# Track Table Ideas and Questions ??



## Rusty Cragers (Dec 1, 2008)

Hi all, as stated before I am just getting back into HO Race cars. I just laid out a quick track on the carpet for the kids to get started on. It got dusty and picked up dog hair on it pretty quick. I am gonna build them a nice table to put it on in our garage. I've been thinking what might be the most cost efficient and practical way to do it. I have been thinking of this idea. Buying two folding banquet tables in sizes 72" X 30". This way I can use the tables when I need them for other things and they will be useful around the house when they are not being used for the cars tracks. I then plan to make an overlay of plywood 6' x 4' 1/2 inch for each table and cover that with blue indoor outdoor carpet. Then I will build a pine boarder around the sheets of plywood about three inches high. I will attach the plywood to the tables with two bolts to each table.

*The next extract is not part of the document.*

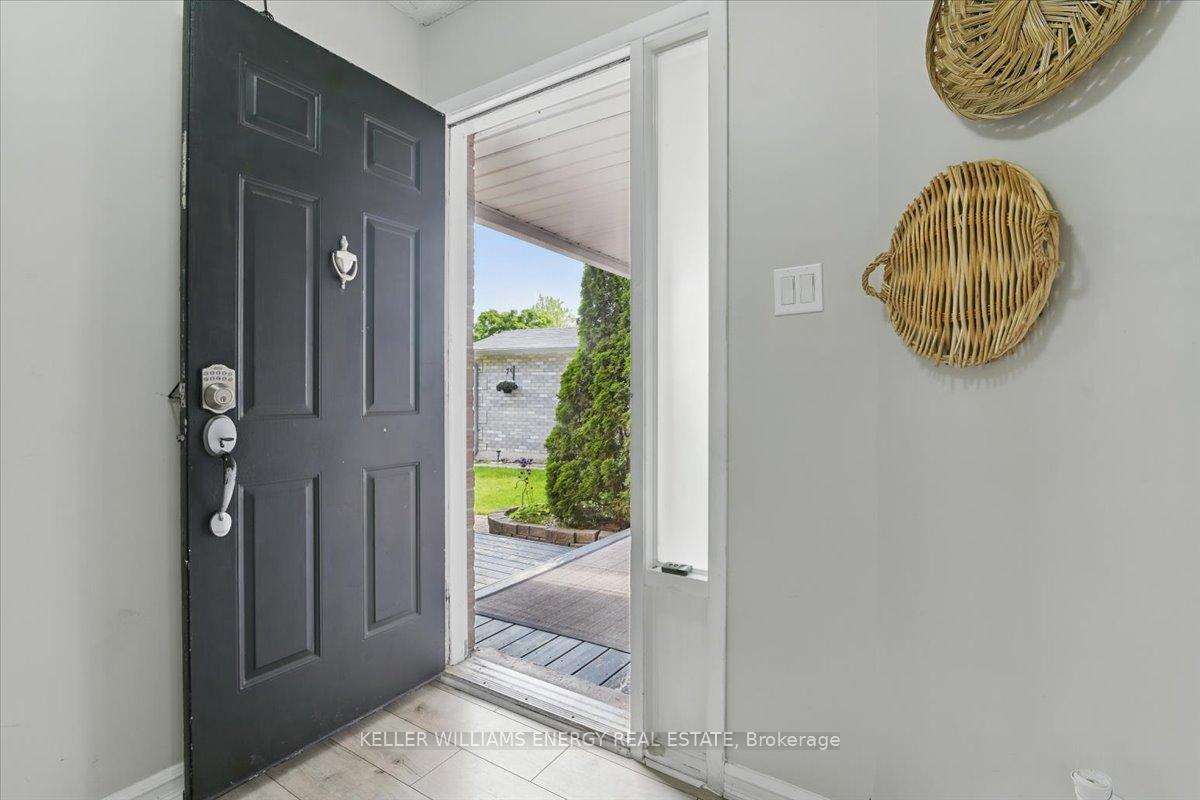 Photo 3 of 89 Yorkville Drive, Clarington, Courtice — HOMEH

Costs include the 2 tables (5o each) two sheets of plywood (30) carpet (30) pine boarder (30) and miscellaneous hardware (10) for a total of about 200 bucks. When I am not using the tables for track I will take off the plywood top and store it along with the tables. I'll have a 12' by 4' track table for about 200 bucks. I would appreciate your thoughts and advice on this. Thanks in advance.

Rusty Cragers


----------



## resinmonger (Mar 5, 2008)

1) It sounds like you've thought this through and that the design meets your needs on several fronts. I'm guessing the TM will support having use of the tables when they're not in slot-mode. That can be a real plus.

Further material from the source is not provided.